» **Directions**
Below is a listing. Quote from it, exactly, the lines from the one containing "Mpm Sport Ski-in, Ski-out Μπάνσκο" down to the one containing "Robot Aspirador Eureka", both ends included, and nothing else.

◇ ◇ ◇ ◇ ◇ ◇ ◇

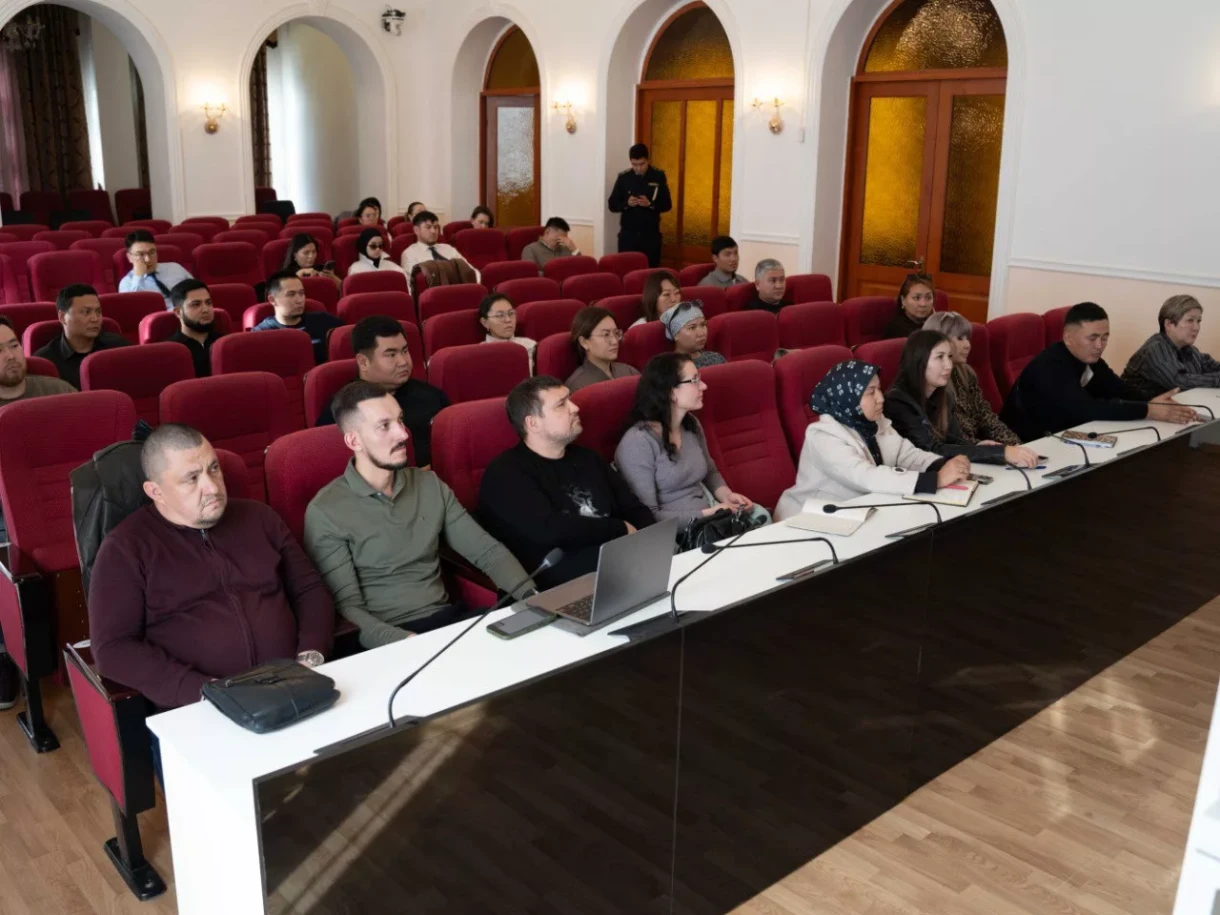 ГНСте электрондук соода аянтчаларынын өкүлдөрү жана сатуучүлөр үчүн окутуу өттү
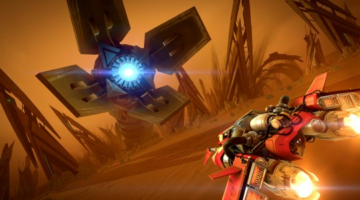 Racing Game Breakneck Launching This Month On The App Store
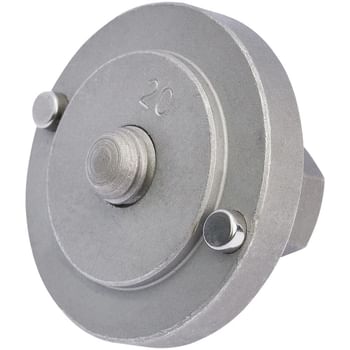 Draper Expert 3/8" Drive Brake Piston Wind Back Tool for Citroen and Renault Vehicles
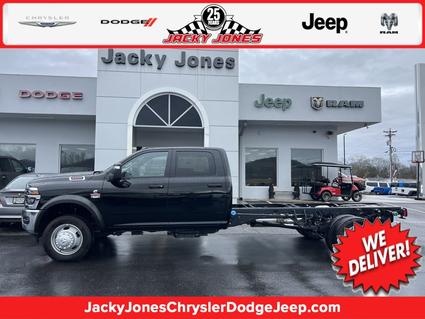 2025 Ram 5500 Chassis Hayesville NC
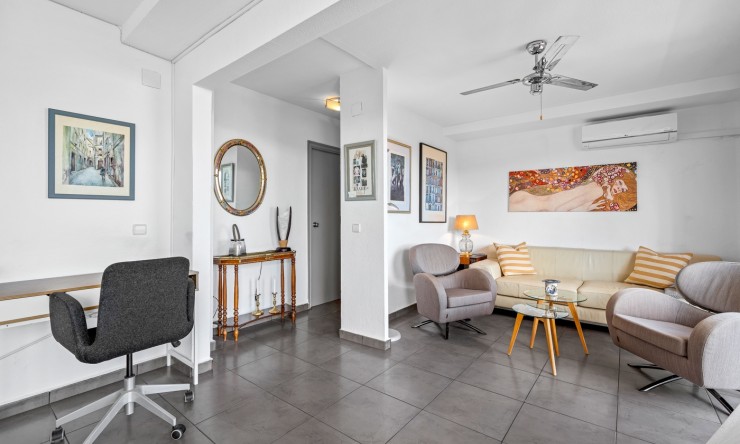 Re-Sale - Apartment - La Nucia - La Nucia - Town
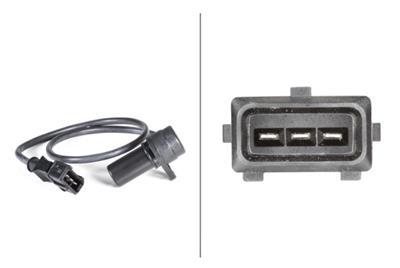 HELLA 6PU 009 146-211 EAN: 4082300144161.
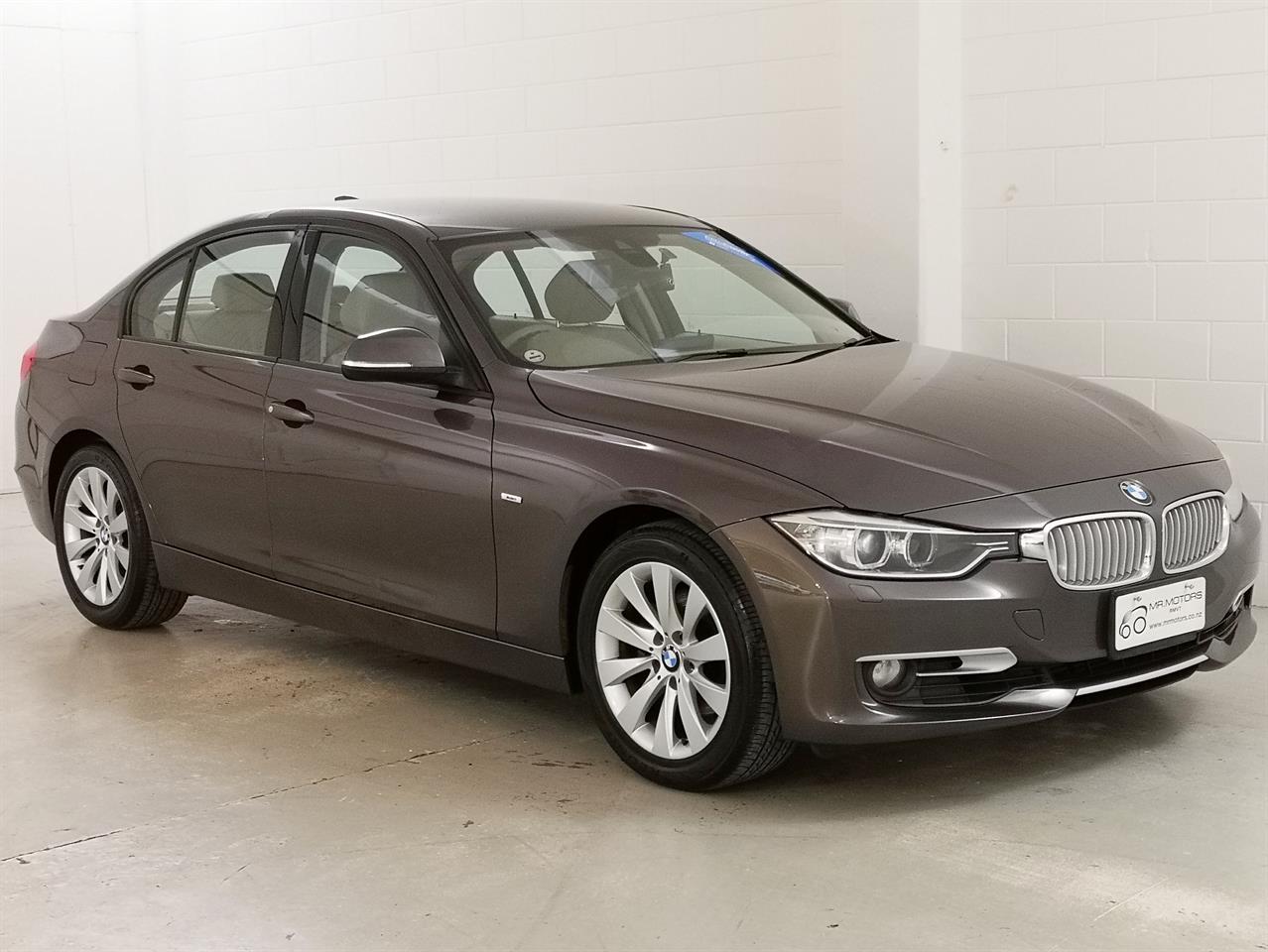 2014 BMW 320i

◇ ◇ ◇ ◇ ◇ ◇ ◇

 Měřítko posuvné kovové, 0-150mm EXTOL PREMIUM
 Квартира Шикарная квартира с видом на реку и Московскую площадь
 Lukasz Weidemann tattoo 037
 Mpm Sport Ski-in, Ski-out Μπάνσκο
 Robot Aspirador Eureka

◇ ◇ ◇ ◇ ◇ ◇ ◇

» **Response to this task**
 Mpm Sport Ski-in, Ski-out Μπάνσκο
 Robot Aspirador Eureka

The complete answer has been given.